[…] In einem weiteren Kammerkonzert am 17. Juni kam Hindemiths „Marienleben“ Op. 27 für Sopran und Klavier nach der Dichtung Rainer Maria Rilkes zur Uraufführung. Hindemith hat in diesem neuen Zyklus alles rein Illustrative (gegenüber der „Jungen Magd“ z.B.) zurückgedrängt, die Untermalung geschieht in stilisierter, andeutender Form, ganz frei von realistischer Nachahmungstendenz.

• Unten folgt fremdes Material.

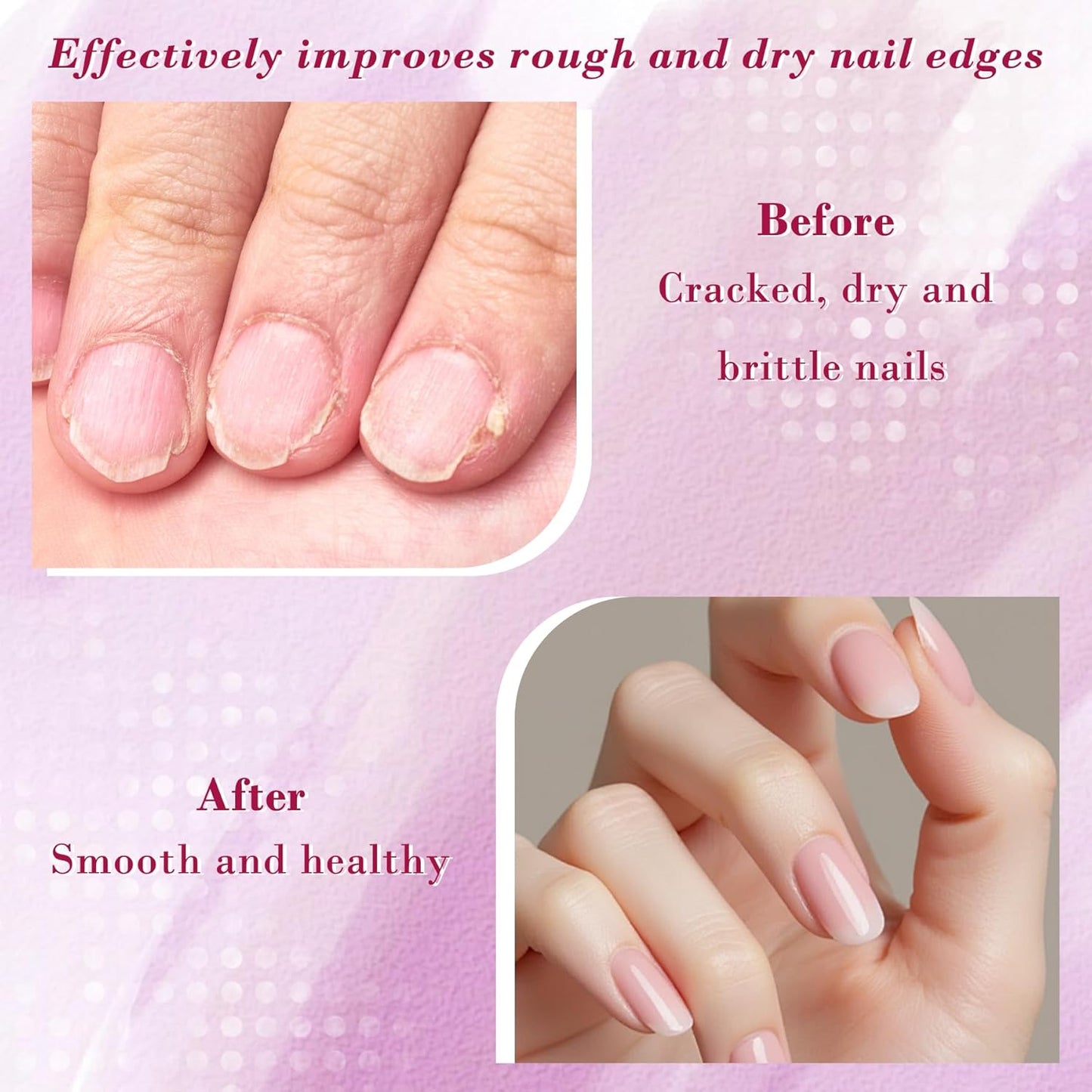 EKIND 3 Pcs Double-end Quartz Stone Stick Cuticle Nail Art Pen Nail Cuticle for Men Tip Pushers Women Fingernail Gelnail Natural Nail Care Tools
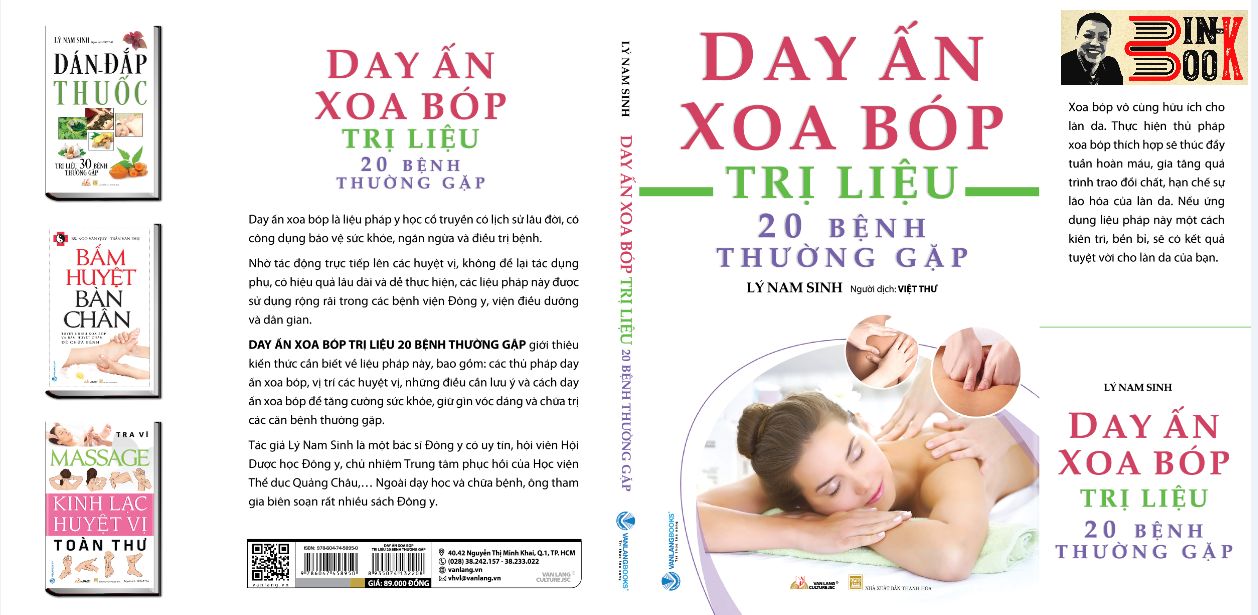 DAY ẤN XOA BÓP TRỊ 20 BÊNH THƯỜNG GẶP- Lý Nam Sinh- Việt Thư dịch – Văn Lang – NXB Hồng Đức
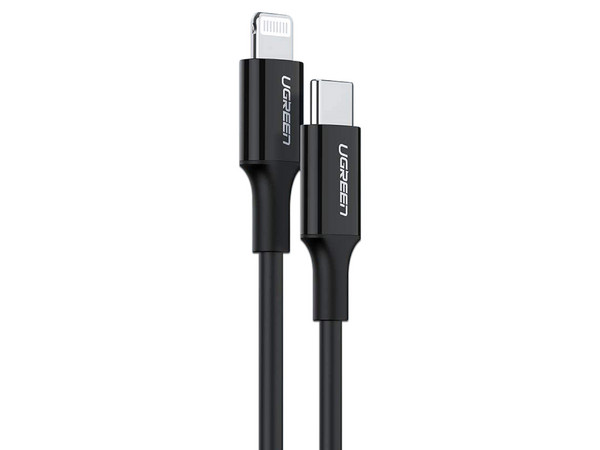 Cable UGREEN USB-C a Lightning, 1m. Color Negro.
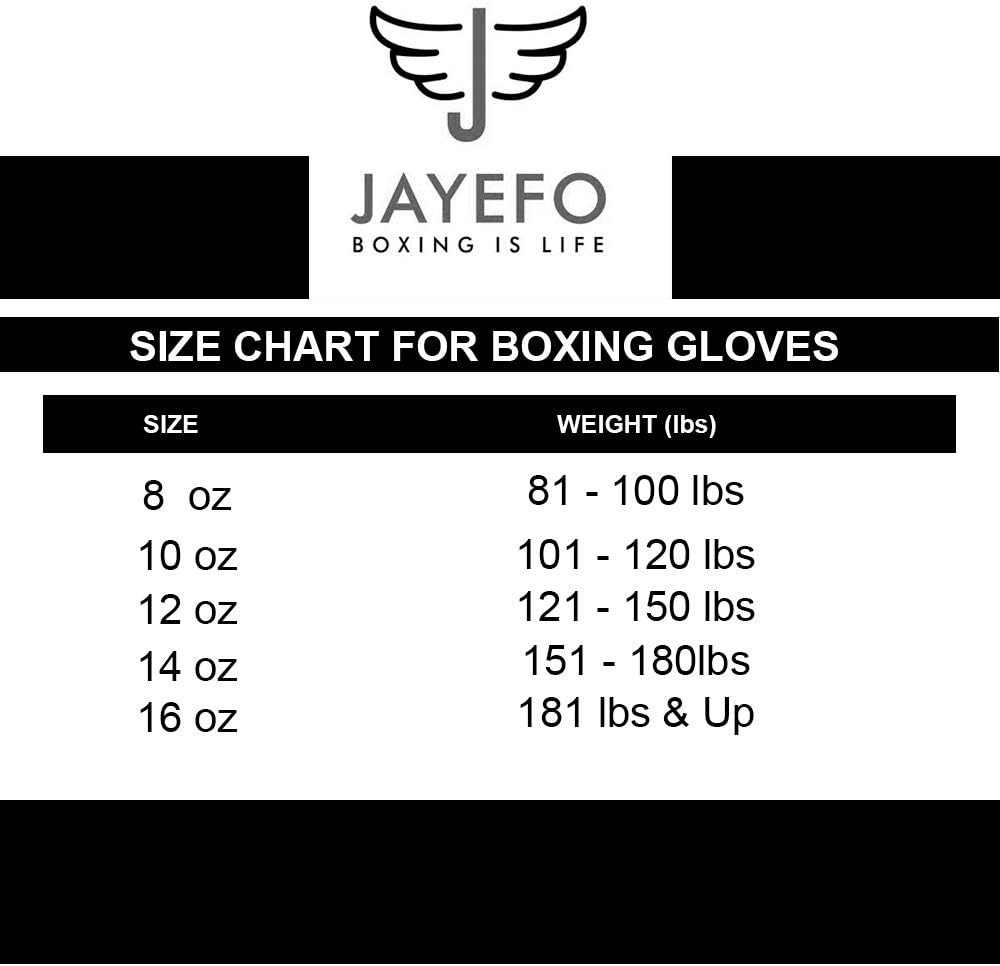 Jayefo Glorious Boxing Gloves Muay Thai Kick Boxing Leather Sparring Heavy Bag Workout MMA Pro Leather Gloves Mitts Work for Men & Women : Sports & Outdoors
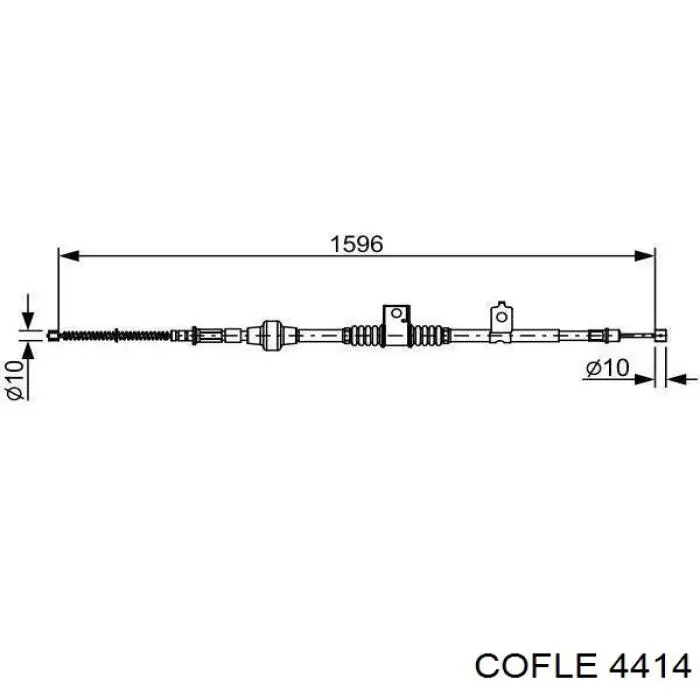 Трос ручника 924414 Cofle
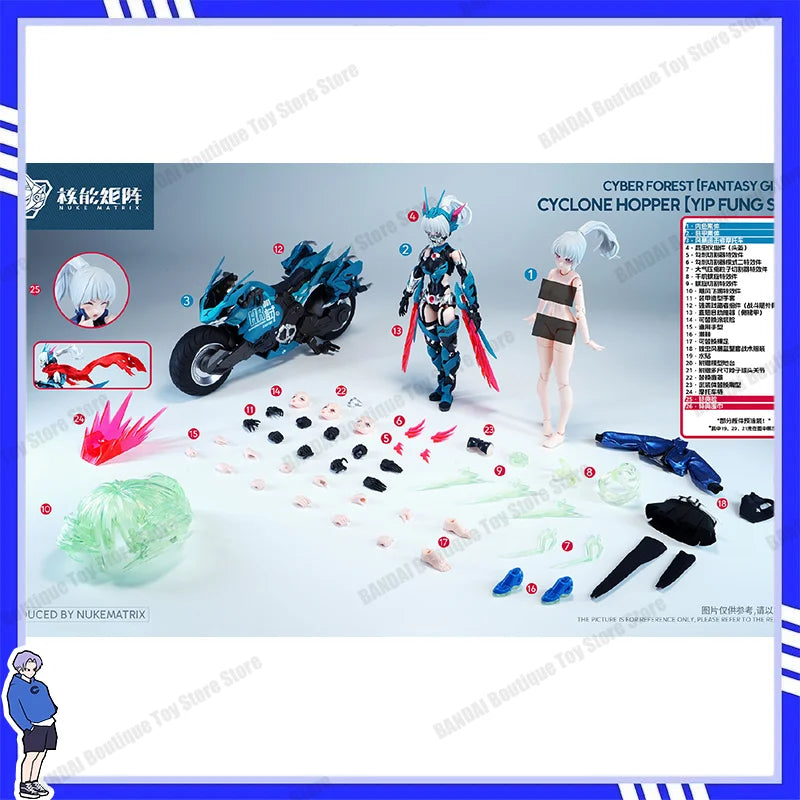 HOT Nuke Matrix Cyber Forest 1/12 Cyclone Hopper Assembled Model Movable Figure Collection Gift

Donaueschinger Erstaufführungen
Das Schwergewicht des musikalischen Geschehens liegt fast durchweg in der Singstimme, die Klavierstimme ist meist allgemeiner Stimmungsuntergrund, setzt einige Lichter hie und da auf oder gibt (wie im zweiten Gesang) die festen architektonischen Umrisse einer Passacaglia oder bildet die zarte Umrahmung wie in der „Stillung Mariä mit den Auferstandenen“. Für die Entwicklung Hindemiths scheint mir hier die starke stilistische Einheit der fünfzehn Gesänge, die großzügige, oft herbe und kantige Form seiner Linien und das völlige Freisein seiner Musik von literarischen Einschlägen besonders bemerkenswert. Immer wieder berührt mich das ursprüngliche Musizieren, das Sich-Ausleben (ja Austoben) in Musik, die unglaubliche Vitalität, die motorische Kraft dieser Musik ganz unmittelbar.
Diesen Eindruck vermögen auch Stellen, wo mir der musikalische Strom zu geräuschvoll an zarteren Episoden vorbeirauscht, wo die feineren Gewebe der lyrischen Form (die die Instrumentalmusik im Zusammengehen mit der Singstimme nicht übersehen darf) durch zu starke äußere Mittel zerstört scheinen, nicht wesentlich zu beeinträchtigen; denn Gesänge wie der erste, der fünfte u.a. können nur von einer wirklich großen Begabung geschaffen sein. Die Wiedergabe des „Marienlebens“ durch Frau Lauer-Kottlar und Frau Lübbeke-Job war mustergültig.